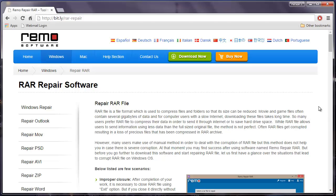Hey there friends! In this video, I'll show you how you can repair RAW files on your Windows OS by making use of a RAW repair software. There's this RAW repair software available on this link, so if you are looking to repair RAW files on your computer, you can just visit this link and download this RAW repair tool onto your computer.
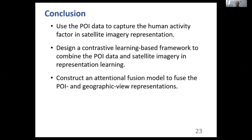To conclude, in this work we use the POI data to capture the human activity factor in satellite imagery representation. We also design a contrastive learning-based framework to combine the POI data and satellite imagery in representation learning. At last, we construct an attentional fusion model to fuse the POI view representations and the geographic view representations of satellite images.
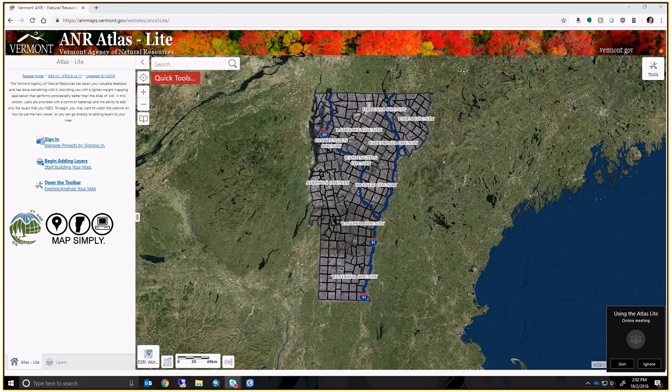We are now recording. For everyone not available to be here on this rainy afternoon, it will be recorded and hosted on our YouTube channel. I don't anticipate this lasting an hour — it probably doesn't need to be much more than 10 minutes because I think everyone is mostly familiar with the Natural Resources Atlas.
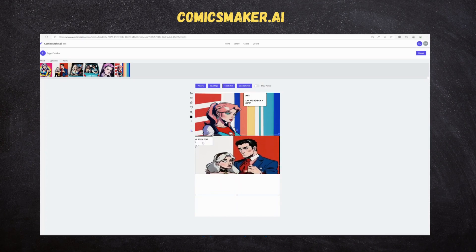We will add one more panel here and add artwork where Jessica and Matt are going in a car for a date, and Jessica is happy.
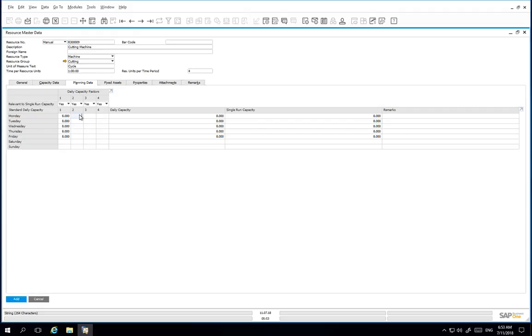The second factor is that there are 2 shifts per day. So in this factor, we enter 2.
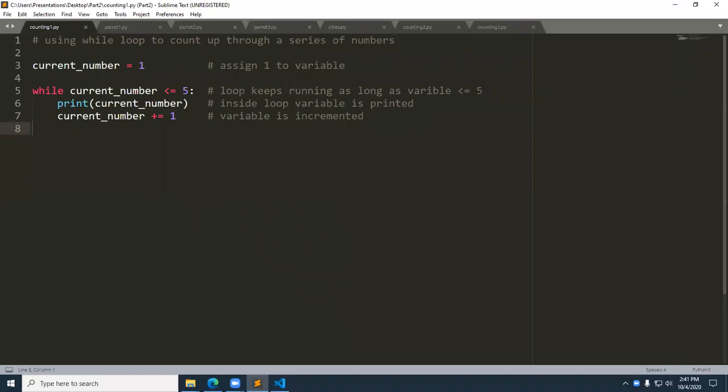Hello, students. Professor Benavides here. Let's talk about Chapter 7, User Input and While Loops. Specifically, I want to drill down on the second part of this chapter entitled Introducing While Loops.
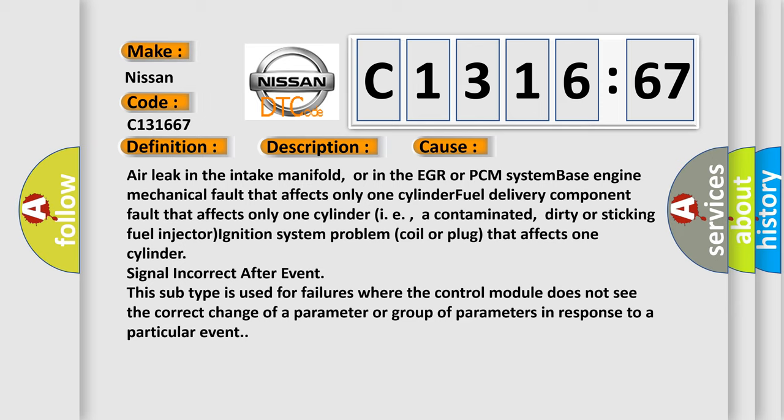This diagnostic error occurs most often in these cases: Air leak in the intake manifold, or in the EGR or PCM system base engine mechanical fault that affects only one cylinder, fuel delivery component fault that affects only one cylinder, i.e., a contaminated, dirty or sticking fuel injector, ignition system problem, coil or plug that affects one cylinder.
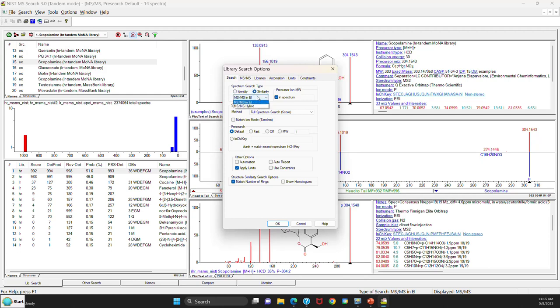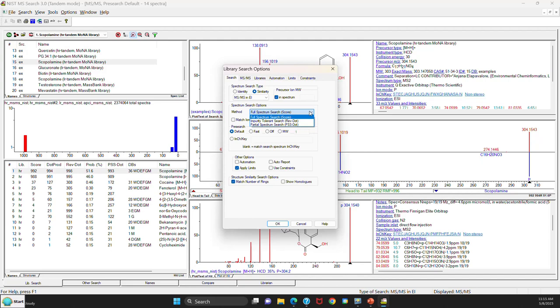You still have the MSMS menu up here or the tab at the top. The other thing you'll notice is that the full spectrum options that determine the method are now a pull down menu as opposed to radio buttons.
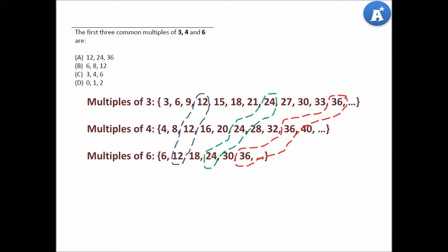These are our first three common multiples. So therefore, our answer is A. Very good — give yourself a pat on the back, you did a good job.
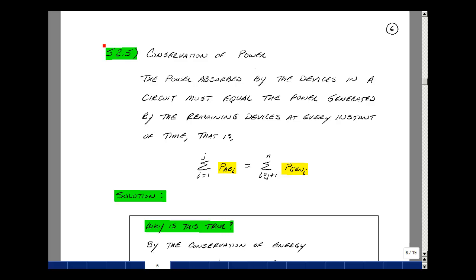This lesson deals with Supplemental Problem 2.5. You can find this problem in the course ebook in the Chapter 2 Supplemental Problems on page 6. This supplemental problem is also called the conservation of power, and let me read the theorem to you.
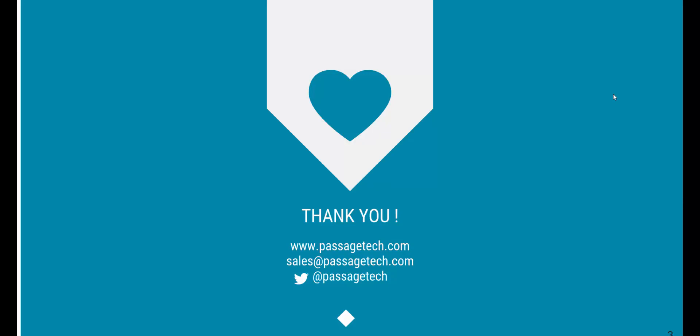If you have any questions, please email sales at PassageTech.com. Thank you for watching.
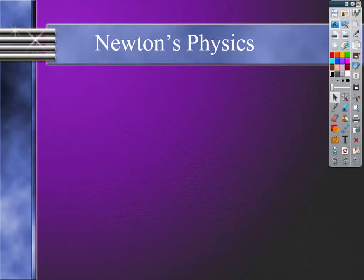Hi, this is Mr. Yeager, and this particular unit is on the introduction to forces. We're going to learn about Newton's three laws of motion, how to describe them, how to use them in multiple choice questions, and then go through all the different types of forces in this part.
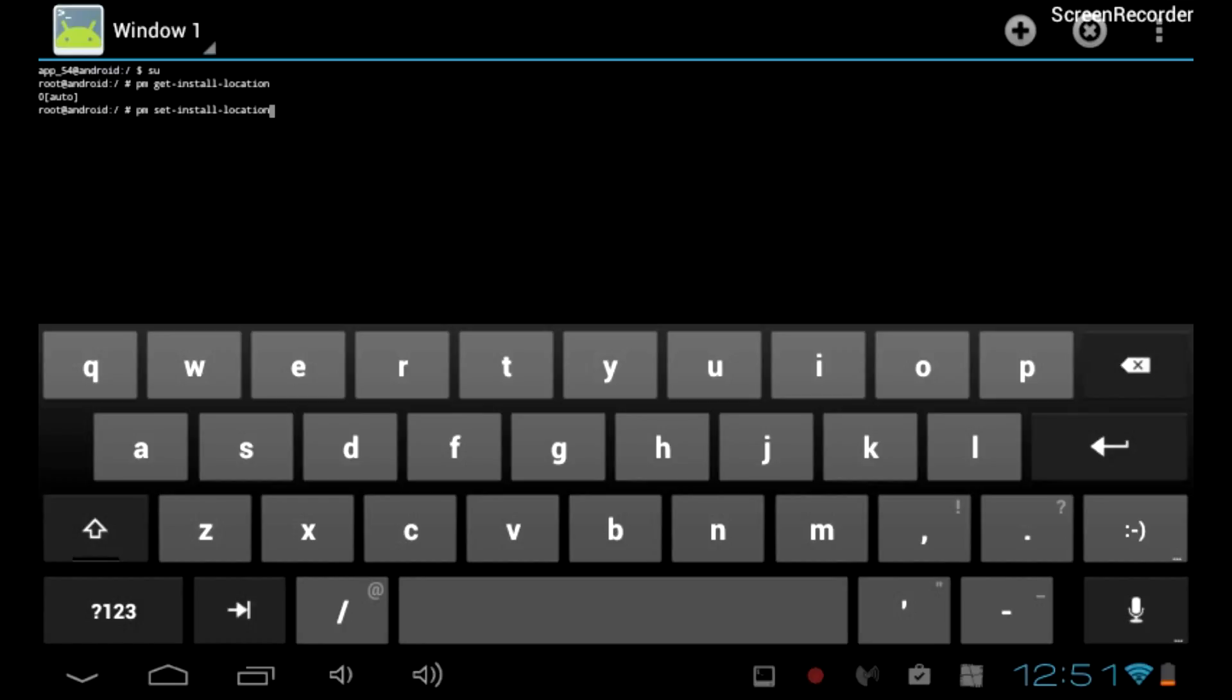Next you're going to type pm set-install-location.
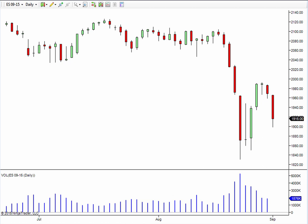Hi everyone and welcome to the Indicator Warehouse. In this video, I'm going to show you the dynamic equivolume bars. This is a brand new charting style from Indicator Warehouse.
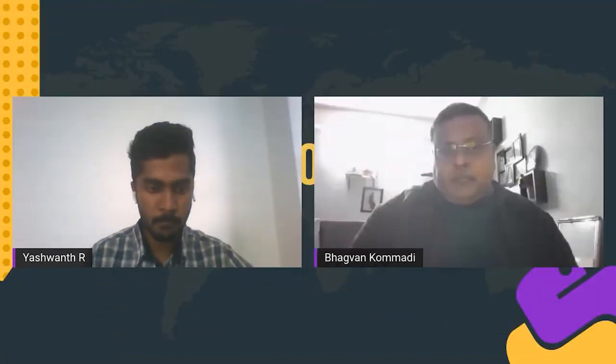The current talk is on no-code platforms powered by Python and Django, presented by Bhagwan Kumadi. Bhagwan is founder of Architect Corner. Hi, this is Bhagwan Kumadi, and today I'm going to talk about the no-code platform. I'm just going to share the screen.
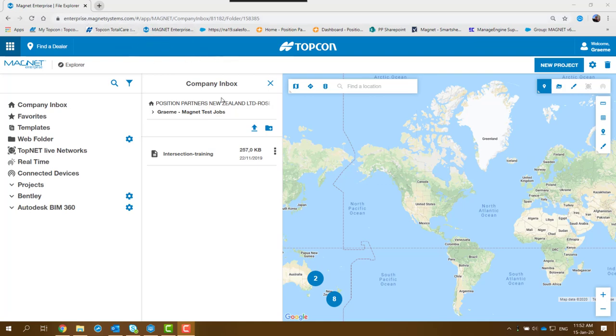Now what you can do is go to your company inbox and create a new folder, which I've done there. It's called Magnet Test Jobs.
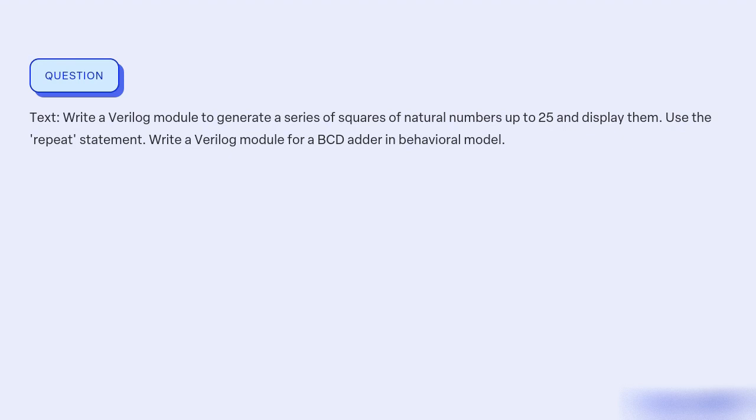What is the objective of writing a Verilog module to generate a series of squares of natural numbers up to 25 and display them, using the repeat statement, as well as writing a Verilog module for a BCD adder in behavioral model?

- - - - - - -

**TASK PROMPT**
From the first line to the last, set down the records above exactly and skip the pictures.

**FINISHED EXERCISE**
Hey there friends! In this video, I'll show you how you can repair RAW files on your Windows OS by making use of a RAW repair software. There's this RAW repair software available on this link, so if you are looking to repair RAW files on your computer, you can just visit this link and download this RAW repair tool onto your computer.
To conclude, in this work we use the POI data to capture the human activity factor in satellite imagery representation. We also design a contrastive learning-based framework to combine the POI data and satellite imagery in representation learning. At last, we construct an attentional fusion model to fuse the POI view representations and the geographic view representations of satellite images.
We are now recording. For everyone not available to be here on this rainy afternoon, it will be recorded and hosted on our YouTube channel. I don't anticipate this lasting an hour — it probably doesn't need to be much more than 10 minutes because I think everyone is mostly familiar with the Natural Resources Atlas.
We will add one more panel here and add artwork where Jessica and Matt are going in a car for a date, and Jessica is happy.
The second factor is that there are 2 shifts per day. So in this factor, we enter 2.
Hello, students. Professor Benavides here. Let's talk about Chapter 7, User Input and While Loops. Specifically, I want to drill down on the second part of this chapter entitled Introducing While Loops.
This diagnostic error occurs most often in these cases: Air leak in the intake manifold, or in the EGR or PCM system base engine mechanical fault that affects only one cylinder, fuel delivery component fault that affects only one cylinder, i.e., a contaminated, dirty or sticking fuel injector, ignition system problem, coil or plug that affects one cylinder.
You still have the MSMS menu up here or the tab at the top. The other thing you'll notice is that the full spectrum options that determine the method are now a pull down menu as opposed to radio buttons.
These are our first three common multiples. So therefore, our answer is A. Very good — give yourself a pat on the back, you did a good job.
This lesson deals with Supplemental Problem 2.5. You can find this problem in the course ebook in the Chapter 2 Supplemental Problems on page 6. This supplemental problem is also called the conservation of power, and let me read the theorem to you.
If you have any questions, please email sales at PassageTech.com. Thank you for watching.
Hi, this is Mr. Yeager, and this particular unit is on the introduction to forces. We're going to learn about Newton's three laws of motion, how to describe them, how to use them in multiple choice questions, and then go through all the different types of forces in this part.
Next you're going to type pm set-install-location.
Hi everyone and welcome to the Indicator Warehouse. In this video, I'm going to show you the dynamic equivolume bars. This is a brand new charting style from Indicator Warehouse.
The current talk is on no-code platforms powered by Python and Django, presented by Bhagwan Kumadi. Bhagwan is founder of Architect Corner. Hi, this is Bhagwan Kumadi, and today I'm going to talk about the no-code platform. I'm just going to share the screen.
Now what you can do is go to your company inbox and create a new folder, which I've done there. It's called Magnet Test Jobs.
What is the objective of writing a Verilog module to generate a series of squares of natural numbers up to 25 and display them, using the repeat statement, as well as writing a Verilog module for a BCD adder in behavioral model?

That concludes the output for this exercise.